Auch Jörg Kleine-Tebbe von der Deutschen Gesellschaft für Allergologie und Klinische Immunologie (DGAKI) mahnt zur Vorsicht. Was genau im Detail das Allergierisiko verringere, wisse man in vielen Fällen nicht so genau. Er rät Eltern, ihre Kinder möglichst viel im Freien spielen zu lassen und mit ihnen in den Wald oder auf den Spielplatz zu gehen.
Wenn Kinder insgesamt viel Kontakt mit der Umwelt haben, bringt das Nuckeln an ungewaschenen Händen wohl kaum einen zusätzlichen Vorteil. Stattdessen wächst das Risiko einer Infektionskrankheit. Vor dem Essen dürfen die Hände also ruhig gewaschen werden.
Der Tipp, schon kleine Kinder einer großen Bakterienvielfalt auszusetzen, fußt auf einer Erkenntnis: Kinder, die auf einem Bauernhof aufwachsen, leiden seltener unter Allergien oder Asthma.
Auch Daumenlutschen und Nägelkauen gesund?
Eine weitere aktuelle Studie, die im Fachmagazin Pediatrics erschienen ist, räumt mit einem weiteren Klischee auf. Demnach sollen Kinder, die an ihrem Daumen nuckeln oder Nägel kauen, weniger anfällig für Allergien sein. Untersucht wurden die Nuckelgewohnheiten von über 1.000 Kindern aus Neuseeland im Alter von fünf, sieben, neun und elf Jahren.
Im Alter von 13 und 32 Jahren litten im Schnitt 38 von hundert Daumenlutschern oder Nägelkauern unter einer Allergie. In der Vergleichsgruppe waren es immerhin 49. Auch als die Forscher andere Einflussfaktoren auf das Allergierisiko herausfilterten, blieb der Zusammenhang bestehen. Die Ergebnisse beziehen sich allerdings auf Allergietests und nicht auf Allergien, die nach dem Auftreten von Symptomen entdeckt wurden.

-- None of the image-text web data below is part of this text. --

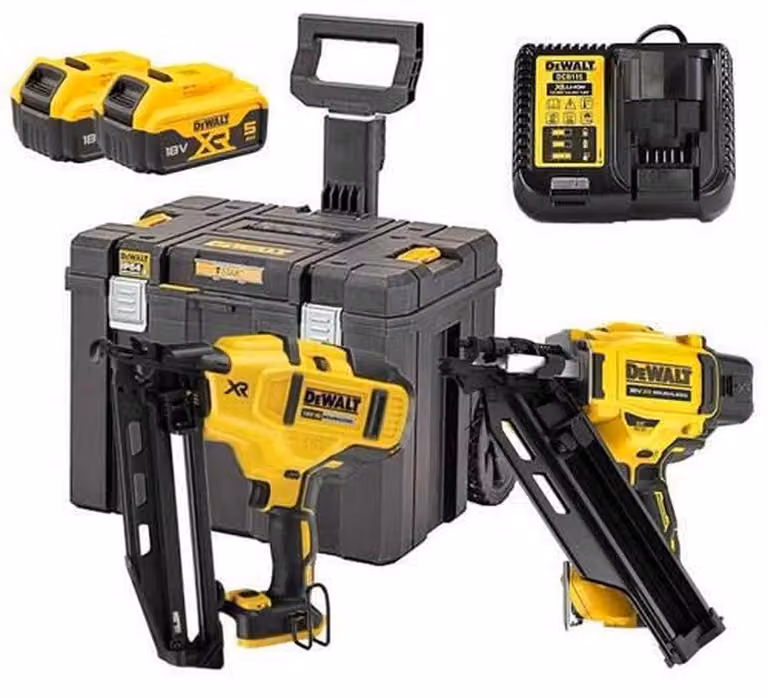 Kit di utensili a batteria DEWALT 18V DCK246P2 (DCN930 + DCN660) con 2 batterie da 5,0Ah, fornito in valigetta TSTAK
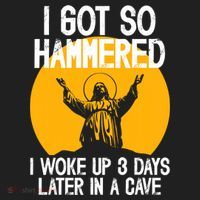 Funny Easter Jesus Got Hammered Resurrection  Beanie thumb 2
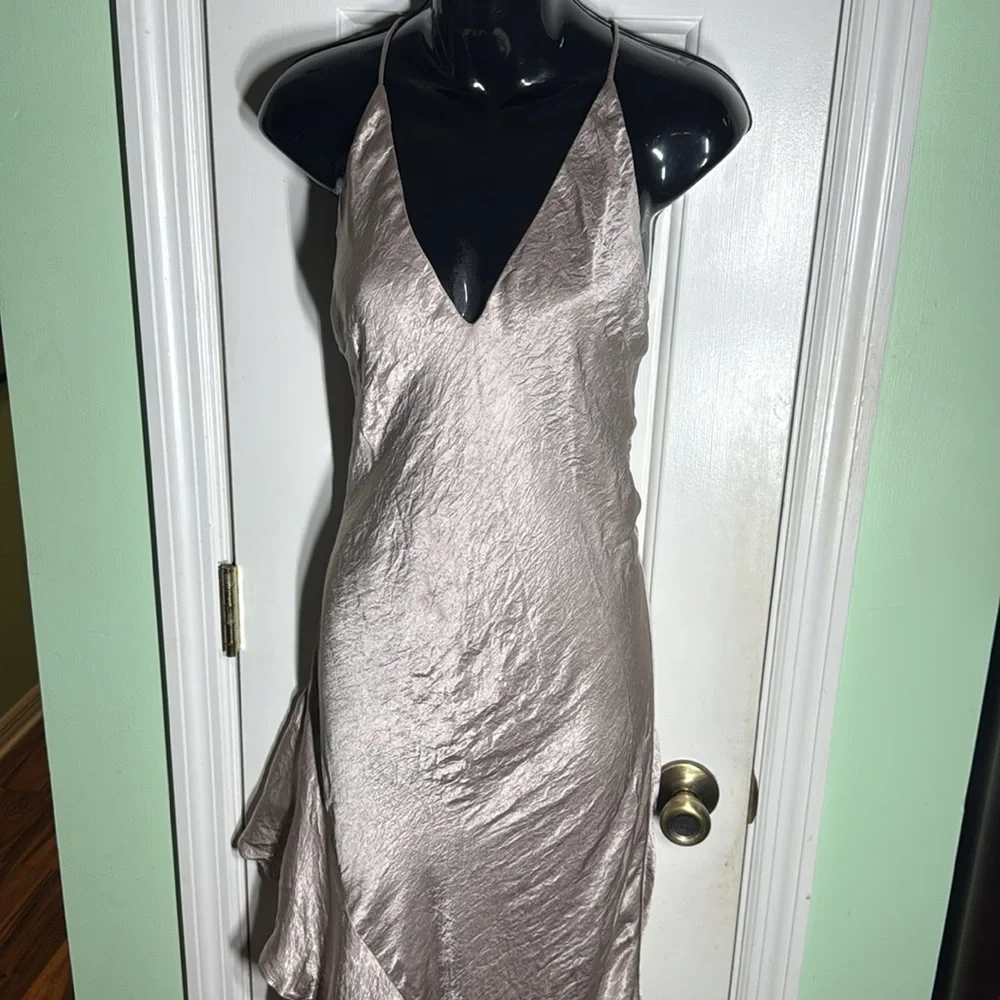 Backstage x Free People Dusty Pink Shimmery Asymmetrical Dancing Gown Size XS - Picture 4 of 12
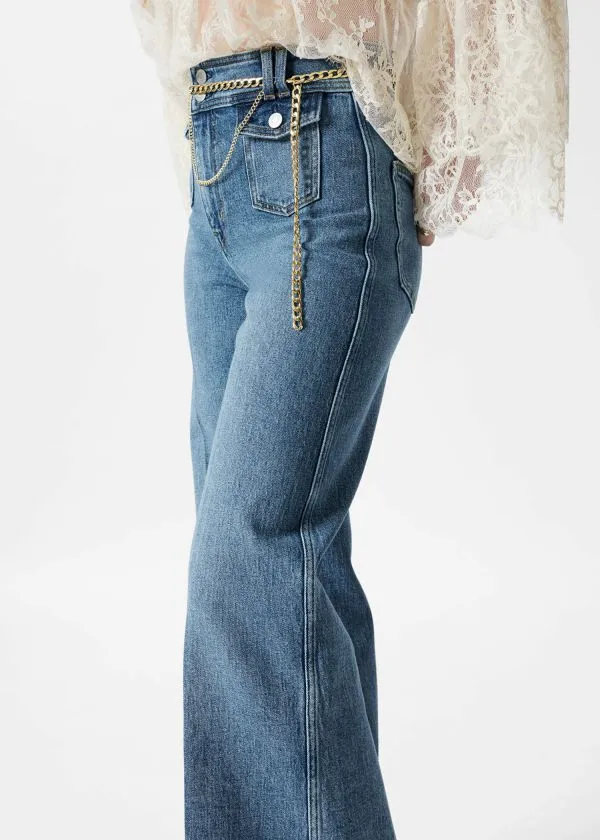 and Other Stories PressCrease Flared Jeans Washed Light Blue Women Jeans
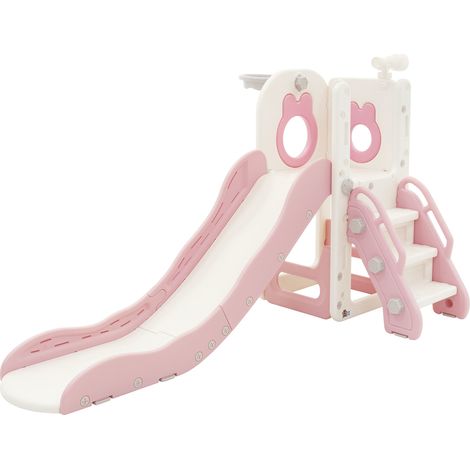 Joyz 3-in-1 Kinderrutsche Weiß-Rosa, Kunststoff, Spielturm Set Indoor & Outdoor, Kinder Spielzeug mit Rutsche und Basketballkorb, ab 3 Jahren, Babyrutsche Gartenrutsche Kleinkinderrutsche Rutschbahn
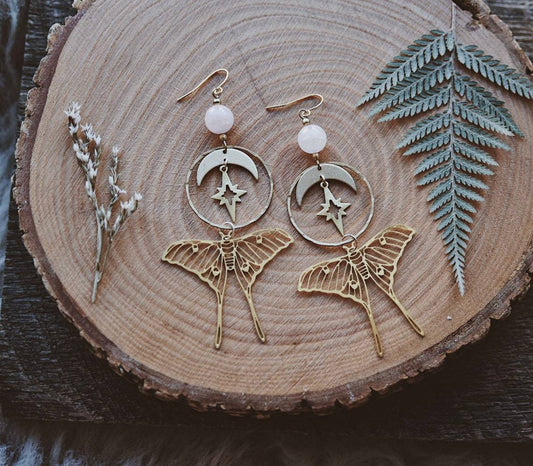 Moth Rose Quartz And Moon Bohemian Rings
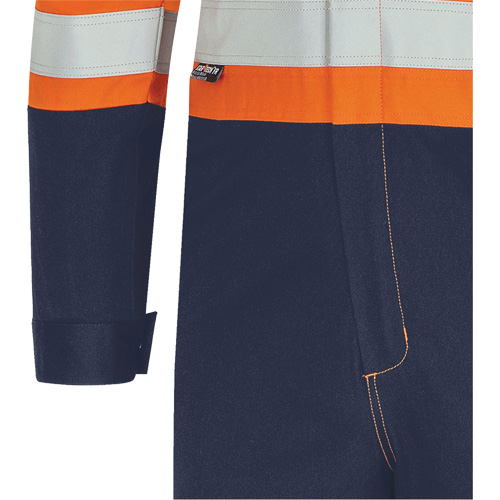 7702BB FR-Tech&reg; 2-Tone Safety Coverall, Size 36, Navy Blue/Orange, 10 cal/cm² Sécurité Médic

Auch hier geben sich die Forscher zurückhaltend und warnen Eltern davor, ihren Nachwuchs zum Daumenlutschen oder Nägelkauen zu animieren. „Obwohl Daumenlutscher und Nagelbeißer bei Allergietests seltener reagierten, konnten wir keinen direkten Zusammenhang mit Asthma oder Heuschnupfen herstellen“, erklärt Stephanie Lynch von der University of Otago. Außerdem: Der konkrete Nutzen sei im Verhältnis zu möglichen Risiken noch unklar.
Das Immunsystem bereits vor der Geburt stärken
Auch Eltern, die ihre Kinder fern von Viehhaltung aufziehen, können das Immunsystem ihrer Sprösslinge stärken. Das beginnt schon vor der Geburt. Der Tenor lautet auch hier: Vielfalt statt Vorsicht.

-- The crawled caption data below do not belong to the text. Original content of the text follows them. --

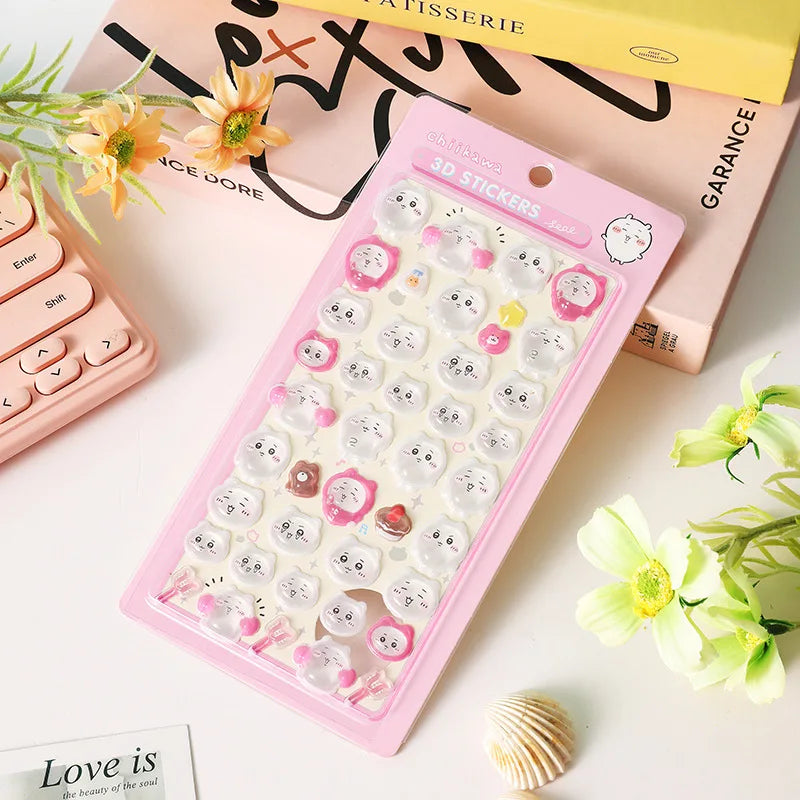 Chiikawa 3D Cute Crystal Stickers Usagi Phone Case Decoration Nail DIY Decorative Stickers for Notebook Laptop Waterproof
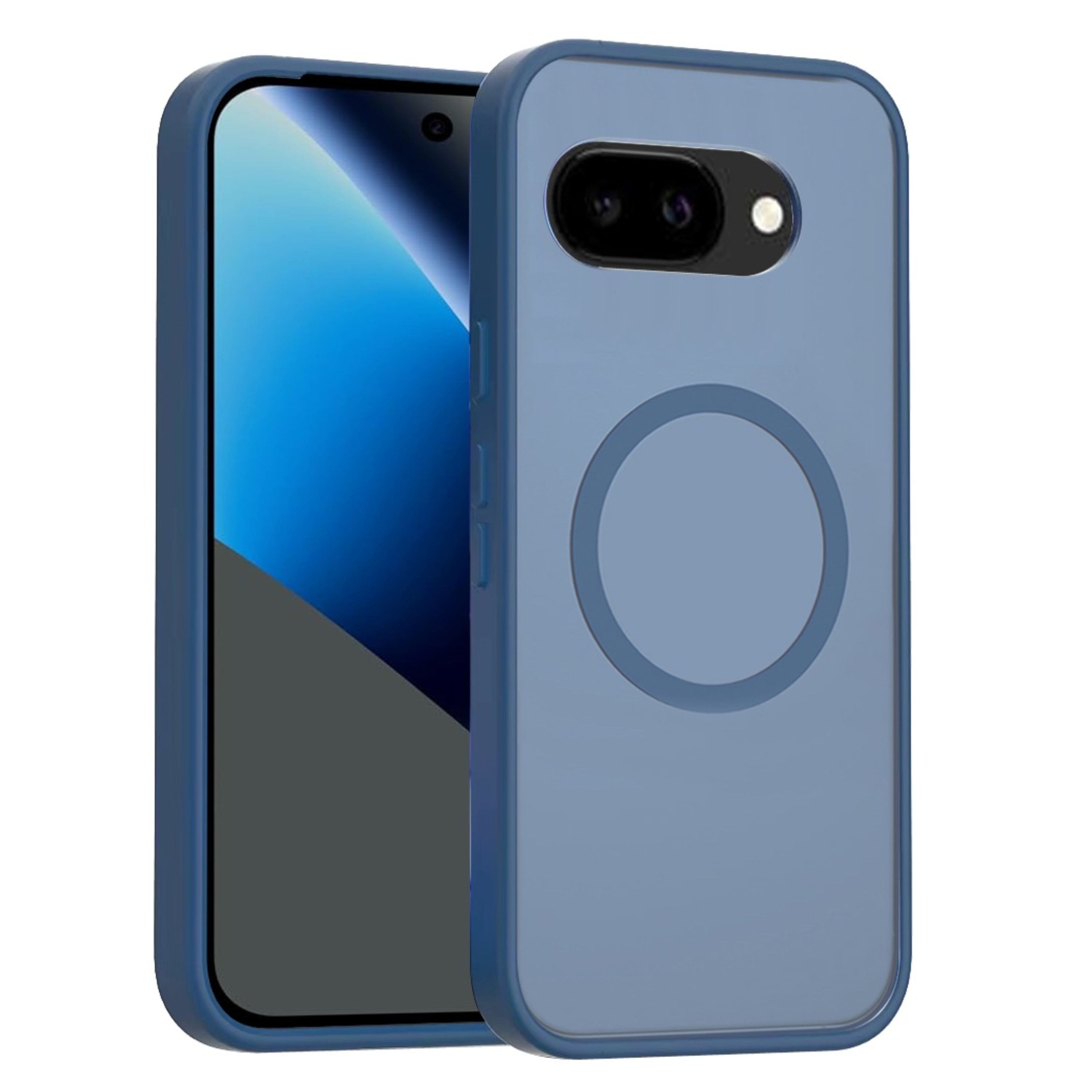 Kitcheniva - Soft Touch Frosted Magnetic Circle Phone Case With Tempered Glass For Google Pixel 10a - Navy Blue price history on PriceWatchPro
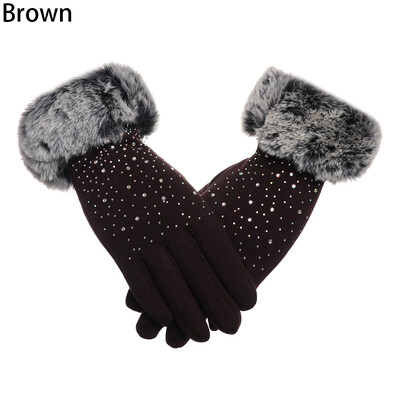 Mănuși de iarnă cu ecran tactil la modă pentru femei, plus catifea, mănuși calde pentru conducere termică, schi rezistente la vânt, cu ecran tactil, mănuși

Die DGAKI empfiehlt Schwangeren daher, sich möglichst ausgewogen zu ernähren. Ausdrücklich sollte die Frauen auch Nahrungsmittel essen, gegen die Allergien entstehen können. Nahrungsmittel, auf die die Mutter selbst allergisch ist, kommen natürlich nicht infrage.
Vielfältig wird es auch bei der Geburt. Im Geburtskanal kommt der Säugling mit einer großen Menge unterschiedlicher Mikroorganismen in Kontakt. „Es gibt Hinweise darauf, dass Kinder, die durch Kaiserschnitt auf die Welt kommen, ein erhöhtes Allergierisiko haben“, erklärt die DGAKI.
Nach der Geburt trägt vor allem das Stillen dazu bei, das Immunsystem auf eine Vielzahl von Stoffen aus der Umwelt vorzubereiten. Nach vier Monaten sollten Babys laut den Forschern dann bereits normale Nahrung kennenlernen.